The reply should contain every line of the data, repeated exactly, and no pictures.
::: THE INPUT
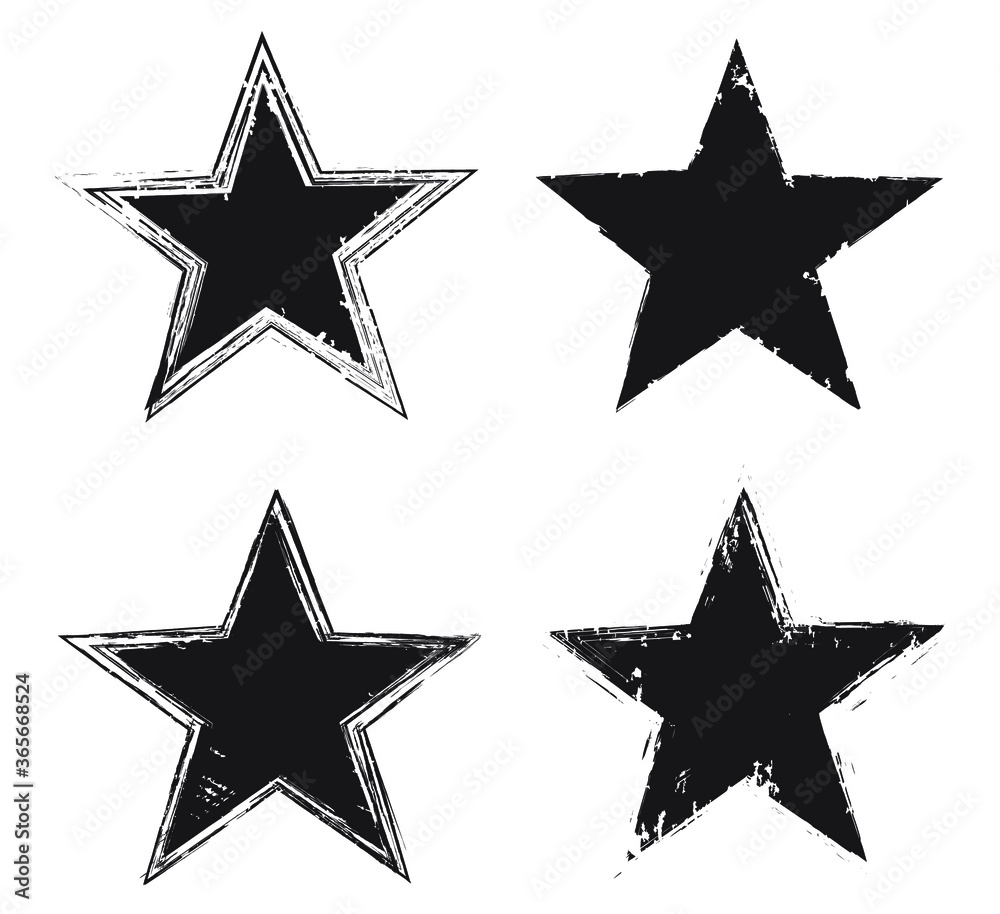 Wall mural set of grunge star icons.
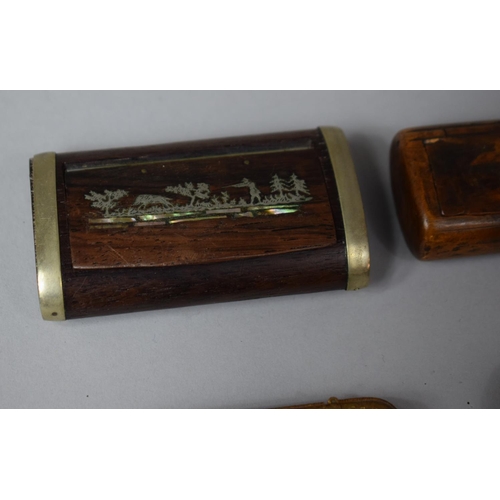 139 - Two Various Snuff Boxes together with a Vesta Case and a Small Circular Pompian Pill Box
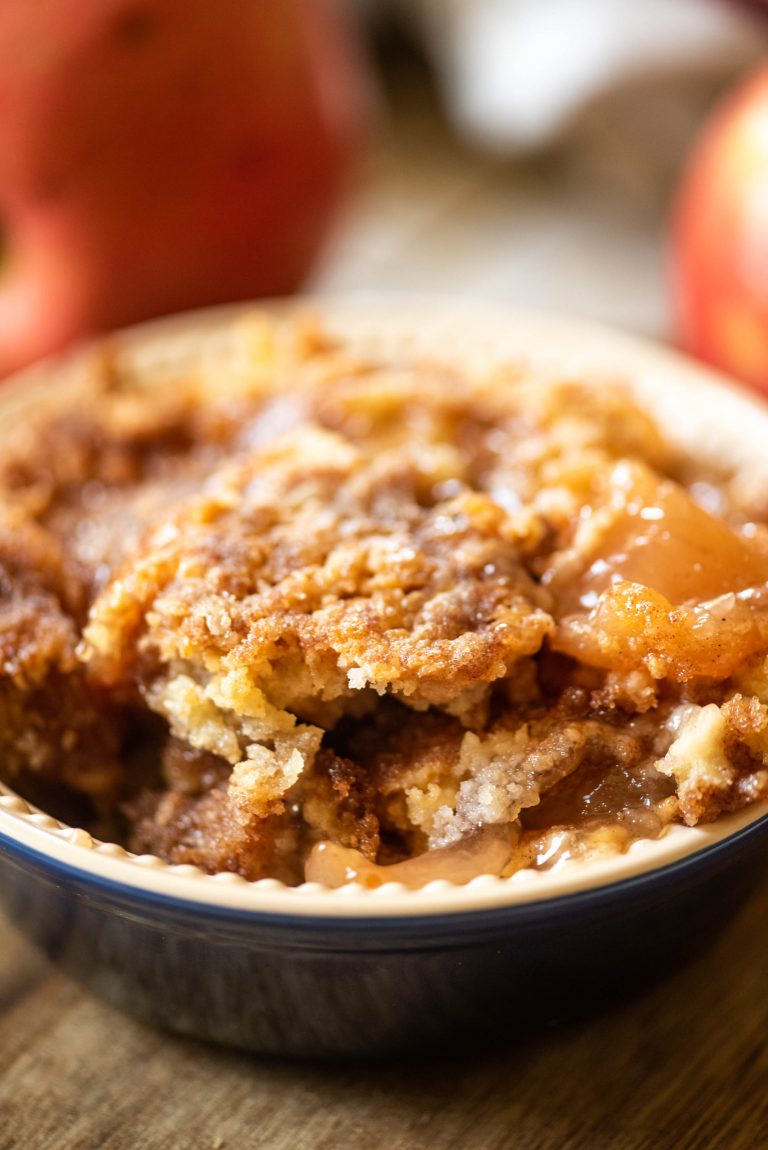 Apple dump cake in a bowl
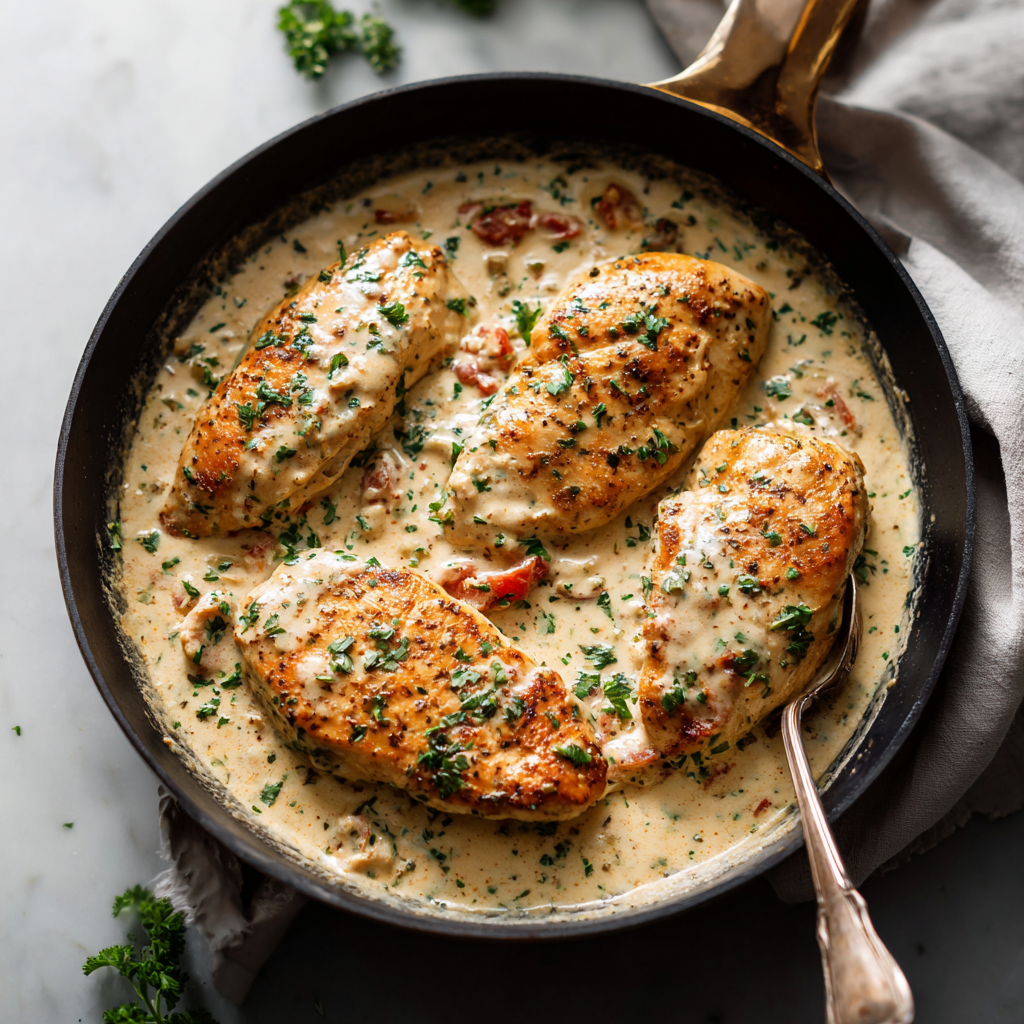 Garlic parmesan and Tuscan chicken recipes skillet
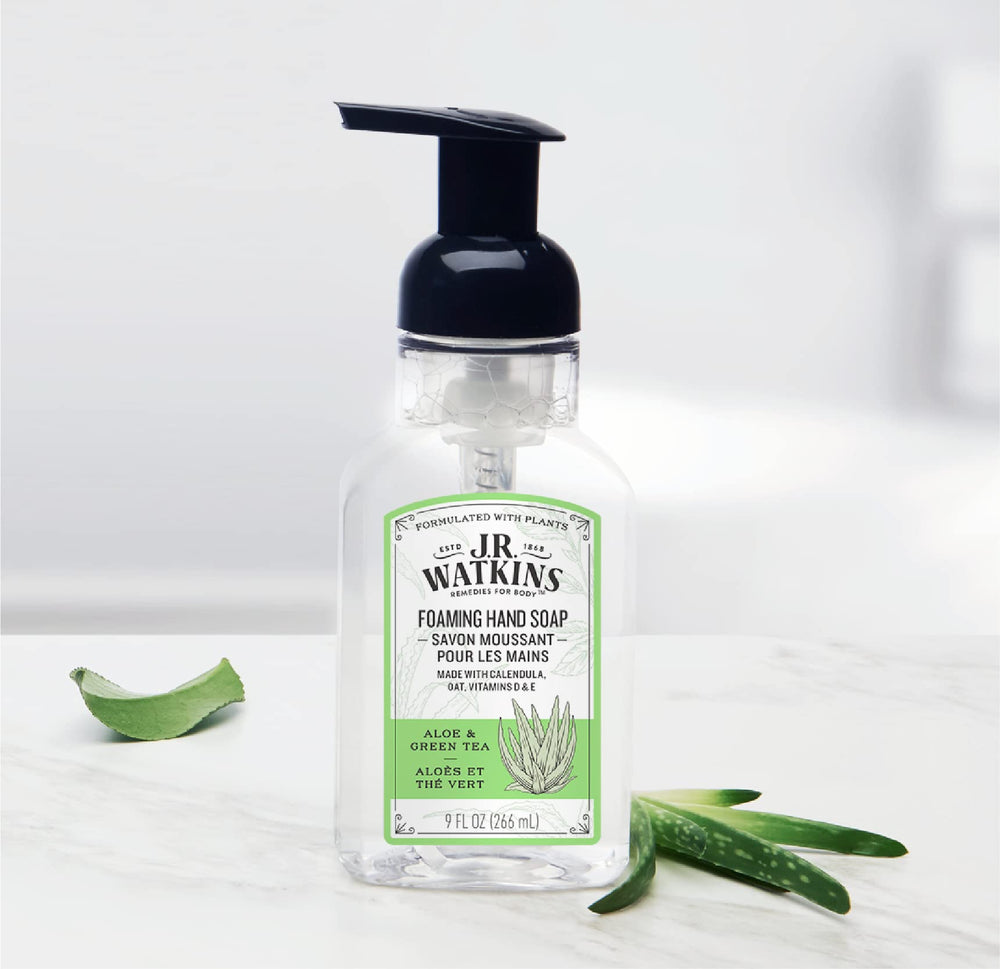 J.R. Watkins label ingredients view emphasizing plant-based, gentle formulation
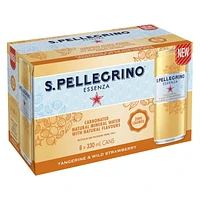 SAN PELLEGRINO ESSENZA Sparkling Water Tangerine & Wild Strawberry, 8 x 330mL Cans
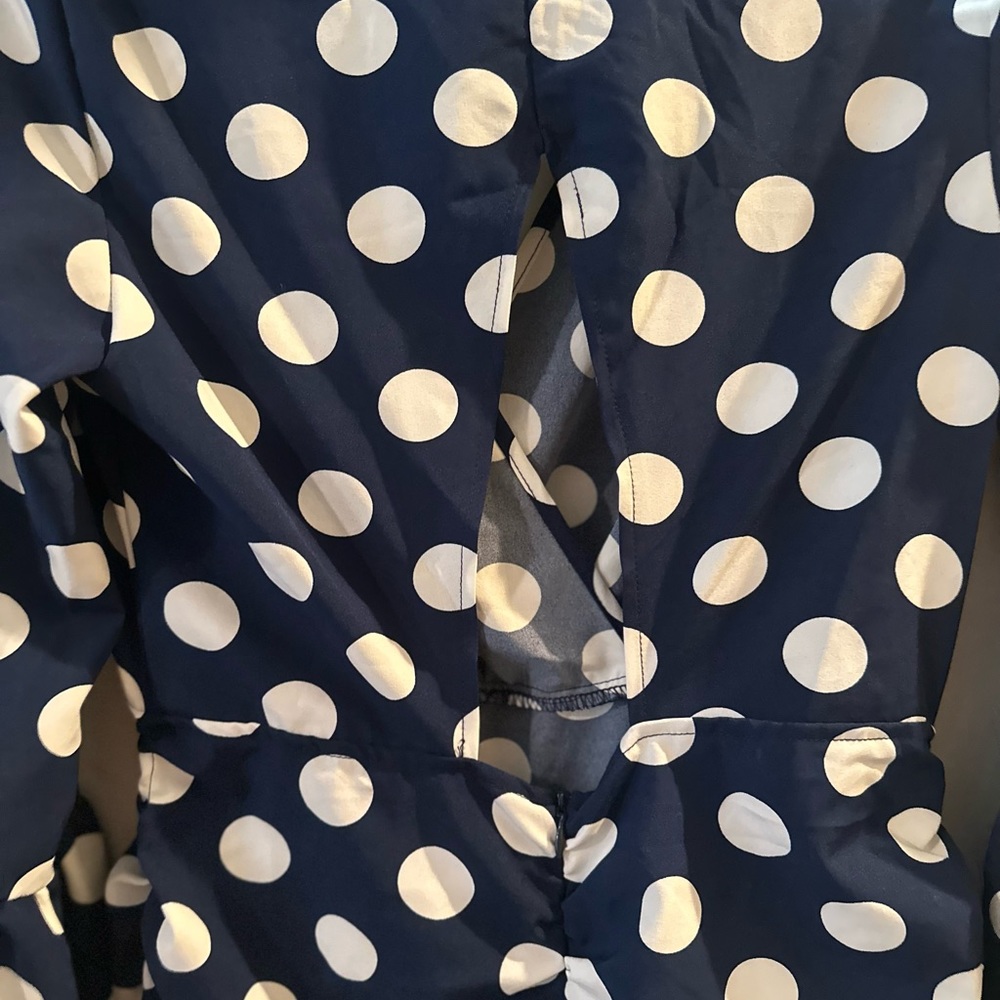 Blue & White Polka Dot Ruffled Dress with Ruching - Picture 8 of 11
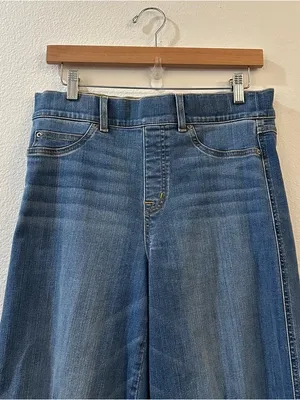 SPANX Seamed Front Wide Leg Denim Jeans Size Medium Vintage‎ Indigo thumbnail 3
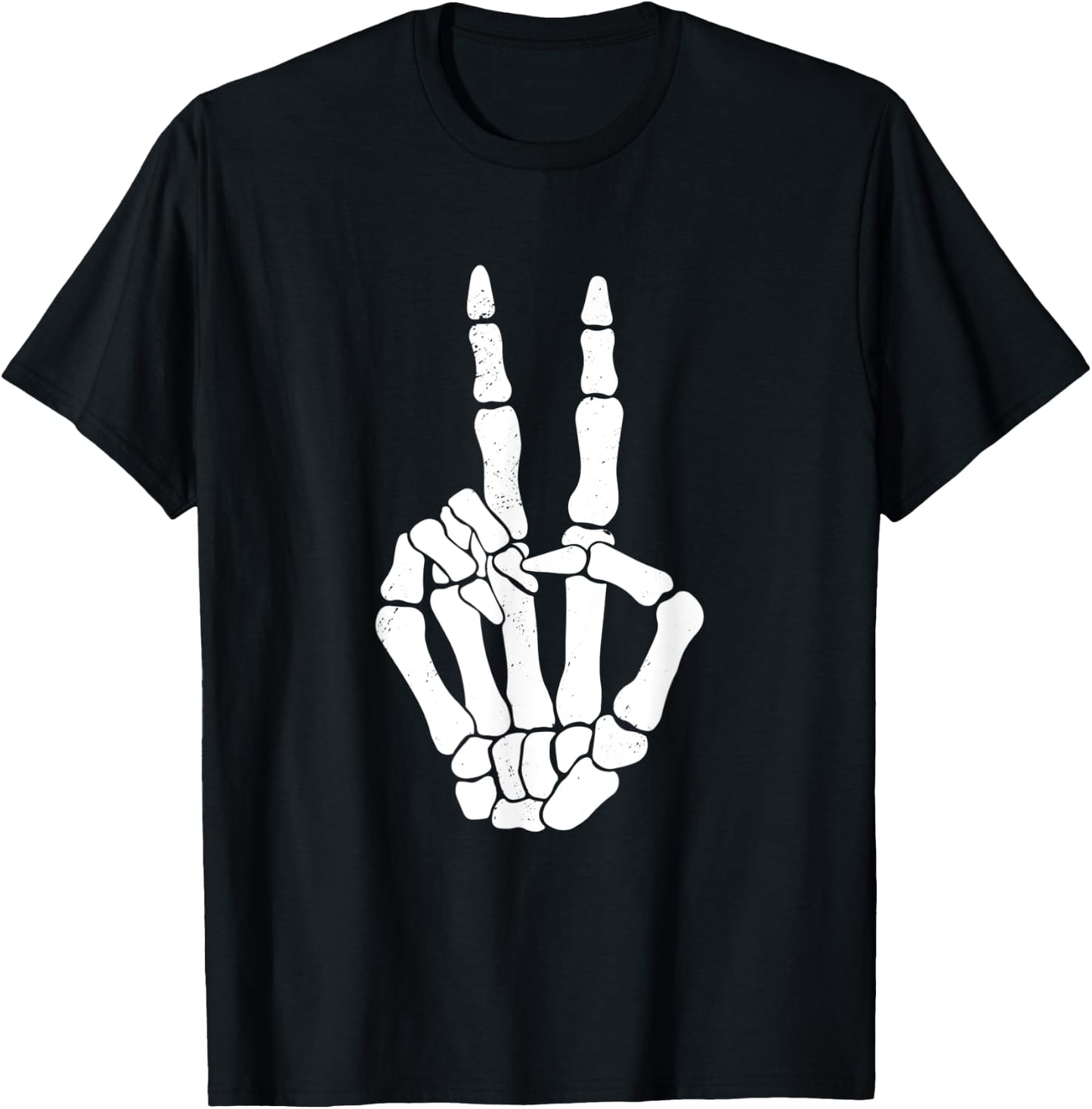 Skeleton Peace Sign Skeleton Halloween Creatures Love T-Shirt - T-Shirt | Black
::::::
YOUR SOLUTION
 Wall mural set of grunge star icons.
 139 - Two Various Snuff Boxes together with a Vesta Case and a Small Circular Pompian Pill Box
 Apple dump cake in a bowl
 Garlic parmesan and Tuscan chicken recipes skillet
 J.R. Watkins label ingredients view emphasizing plant-based, gentle formulation
 SAN PELLEGRINO ESSENZA Sparkling Water Tangerine & Wild Strawberry, 8 x 330mL Cans
 Blue & White Polka Dot Ruffled Dress with Ruching - Picture 8 of 11
 SPANX Seamed Front Wide Leg Denim Jeans Size Medium Vintage‎ Indigo thumbnail 3
 Skeleton Peace Sign Skeleton Halloween Creatures Love T-Shirt - T-Shirt | Black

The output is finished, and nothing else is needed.